LAWS(KAR)-1999-6-47

STATE Vs. M NARAYANASWAMY ALIAS NARAYANA

Decided On June 15, 1999
STATE BY C.O.D. (ACD) POLICE Appellant
V/S
M.NARAYANASWAMY ALIAS NARAYANA Respondents

JUDGEMENT

(1.) THIS is one more of the distressing cases where a young married woman has been driven to suicide virtually in the first year of marriage and the allegation is that it was because of harassment for dowry. The learned State Public Prosecutor has seriously assailed the order of acquittal and he submitted that the evidence of the parents and the other supportive material is sufficient to establish that demands were made for securing additional dowry and that the deceased was harassed and ill-treated to the extent of driving her to suicide.

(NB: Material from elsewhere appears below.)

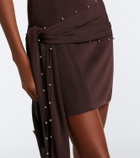 De La Vali Belted embellished minidress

(2.) NORMALLY, we would have upheld the submission except for the fact that there are blemishes in the prosecution case itself insofar as the mother has given a version that materially differs from that of her husband. More importantly, there is a specific case made out that dowry and gold ornaments were given. The learned Trial Judge has pointed out that the status of the parents was so very poor that it is quite impossible that they could have done this. In totality, however unfortunate the result is, the material is not good enough to sustain a conviction and hence, we decline to interfere. The learned State Public Prosecutor then advanced a supplementary argument and he submitted that even if the main charge under Section 304-B of the IPC were to fail for these reasons that the accused can still be convicted of the offence under Section 498-A of the IPC as the Court must draw the inference that it was only such harassment and cruelty of an abnormal high order that forced her to end her life. There is a practical difficulty here in the way of the prosecution insofar as once the evidence fails to inspire confidence on the main charge, it would be in violation of the rules relating to appreciation of evidence if the Court were to accept the same evidence and hold that the subsidiary charge is established; the rule of consistency is one of the cardinal principles of criminal jurisprudence and something which a Court cannot lose sight of.

(3.) IN the aforesaid circumstances, the appeal fails and stands dismissed on merits.